Echi di Baustelle per testi che ammaliano per veridicità e schiettezza, pareti nude da riempire, da far parlare con il colore della vita, il bianco che si fonde con il nero per dare al grigio la possibilità di cambiare di essere diverso, solo se noi lo vogliamo.

La franchezza delle composizioni è un abbaglio, una luce alla finestra, un tentato approdo verso porti lontani, magnificenza sonora che fa scomparire il buio e ritrova un’armonia che a dire il vero si compone quasi fosse in stato di grazia.

Armi taglienti sono le corde della chitarra che fanno partire il viaggio, un costrutto sonoro di rapida intensità che non da scampo, non da scampo però con grazia, in un etereo viaggio fatto di incubi da cui vogliamo svegliarci.

Ecco allora che l’intensità del sogno è solo il mezzo per arrivare al fine e gli Open Zoe sono i nostri traghettatori.

Wander – Wander (Nothing out there)

Wanderweb

Wander esce per la piccola label francese Nothing out There nell’ambito della trilogia “Four Arms, Two Necks, One Feedback” serie of guitar duos recordings”.

La prima uscita è stata O’Death Jug, progetto di Michel Henritzi e Christophe Langlade, la seconda appunto Wander e a chiudere ci saranno i Przewalski’s Horses.

Wander affronta il tema della musicalità pizzicata intrisa da un duo di sole chitarre acustiche che si fanno portavoce di un suono che riporta a quei film in bianco e nero, quei film carichi di nostalgia e vissuta speranza per un avvenire diverso, sentito, magari intrapreso da piccoli e sporadici avvenimenti, riportando a  casa il senso del tutto che copriva il malumore.

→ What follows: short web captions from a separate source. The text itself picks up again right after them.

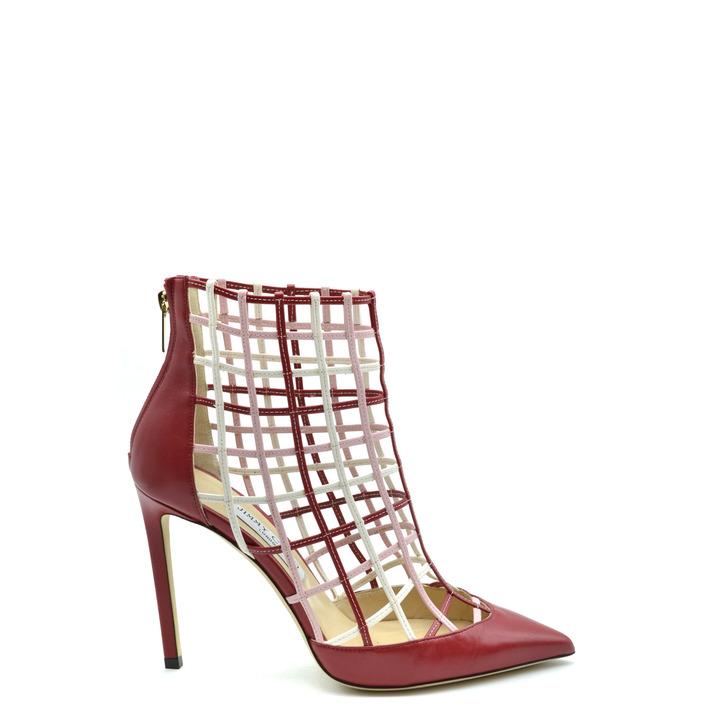 Jimmy Choo Women's Dsquared Pumps Red 167555 - red 38.5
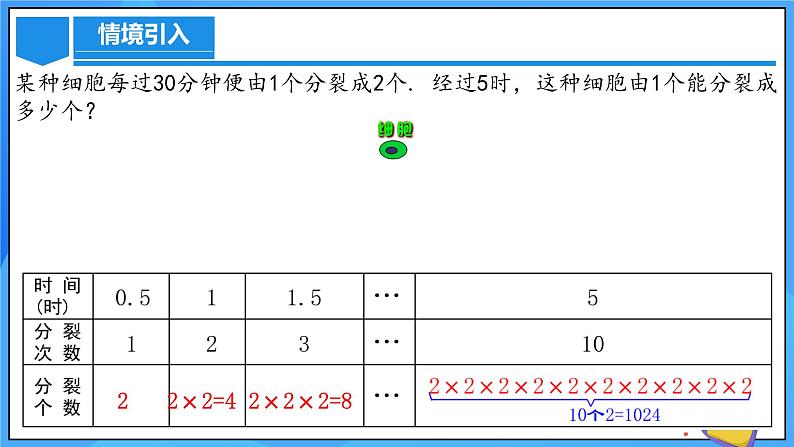 人教版七年级数学上册  2.3.1.1 有理数的乘方 含动画  PPT+导学案+教学设计+分层练习04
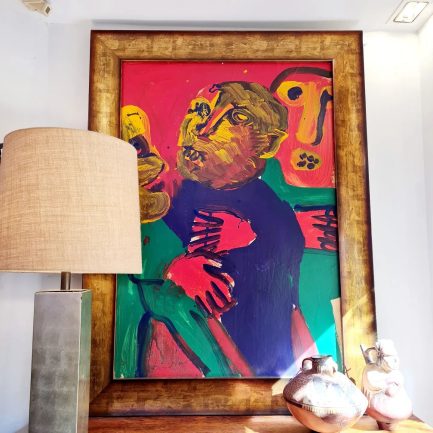 ✨ BENGT LINDSTRÖM (1925–2008) – OIL ON WOOD ✨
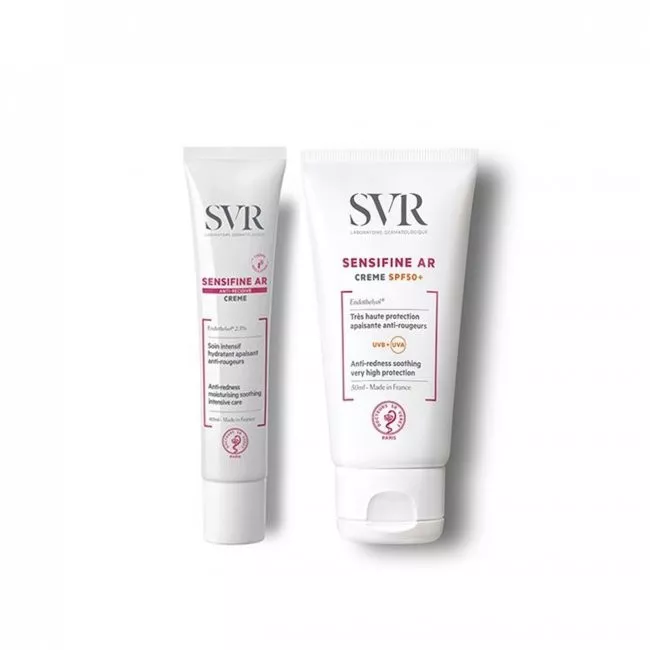 SVR PROMO SENSIFINE MASCA 50ML + SENSIFINE LAPTE DEMACHIANT 55ML GRATIS, [],axafarm.ro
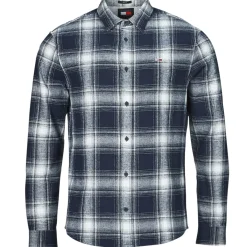 Tommy Jeans - TJM REG CHECK FLANNEL SHIRT EXT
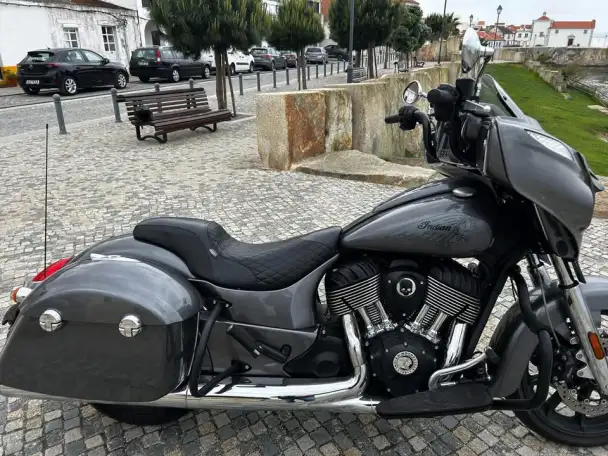 Indian Chieftain Steel Grey, фотография 3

I Wander sono Vincenzo De Luce e Matteo Tranchesi e grazie ad una solida preparazione di base riescono a ricreare un mondo, un universo sconosciuto da esplorare tra le malinconie e i fiori rari che giorno dopo giorno si ascoltano, si accarezzano e si immolano ad essere futuro.

Una tradizione che si esprime in gusto personale, in accortezza stilistica che va ben oltre il nostro sentito dire, che lascia l’american style per abbracciare un suono più europeo, di sostanza, fuori da canoni modaioli e intrisi di perbenismo democratico.

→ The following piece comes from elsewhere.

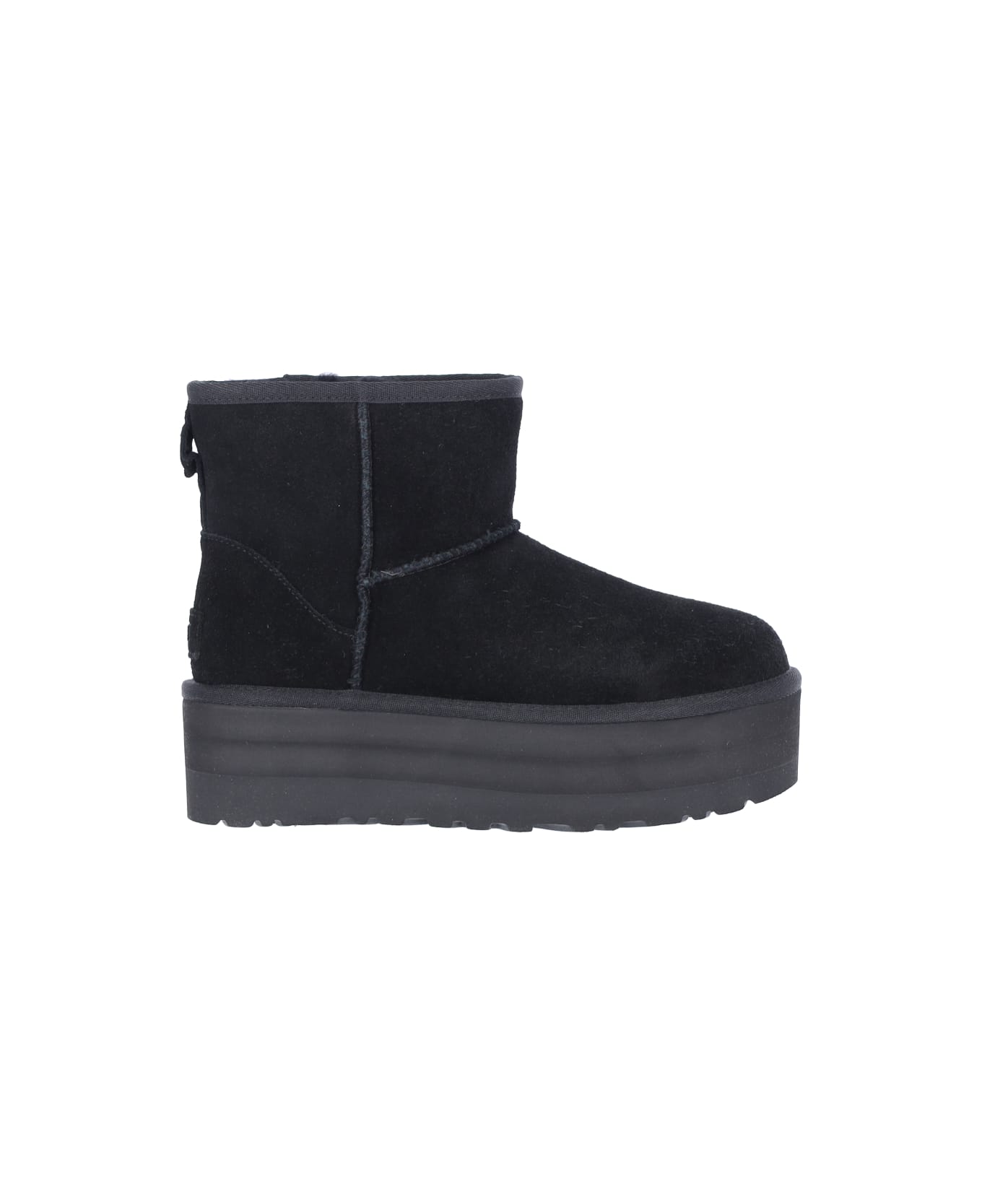 UGG Plateau Classic Mini Boots - Nero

Ecco allora che l’inesorabile avanza e si fonde nell’essere coscienza che respira, tra le sei tracce di orientale parafrasi, uno stile diverso questo, che sente l’urgente bisogno di salire in cattedra e fare scuola.

Doc Brown – A piedi Nudi (Autoproduzione)

Elettro pop vintage con stile che guarda al futuro con una certa ammirazione e una certa qualsivoglia ironia e fame di sapere che si rapporta al mondo esterno come se fosse un’esperienza da vivere giorno dopo giorno alla ricerca di una fessura, di uno spiraglio su cui dare speranze e sensazioni che vanno ben oltre l’ideale di essenza a cui siamo abituati.

Quattro tracce in tutto che ammaliano grazie ad un italiano credibile e a suoni filtrati che non fanno sentire la sovrabbondanza dei colori, ma che si limitano a percorrere e addentrare un’unica parte emozionale che gradevolmente ci accompagna e ci tiene per mano.

I Doc Brown si presentano dopo il fortunato L’uomo perde l’equilibrio con un EP sobrio, elegante e convincente che fa del racconto di vita un necessario per portare nelle orecchie di chi ascolta sprazzi di risoluta freschezza in un panorama che sembrava, con il tempo, appiattirsi inesorabilmente.

Ecco allora che vengono sfoggiate dal cilindro quattro piccole gemme da riascoltare più volte, assaporando i prati e camminando a piedi nudi, tra echi di Phoenix e letargici Baustelle, un tripudio di colori che si innesca alla sostanza e non lascia via di fuga per una manciata di canzoni che sanno di Primavera.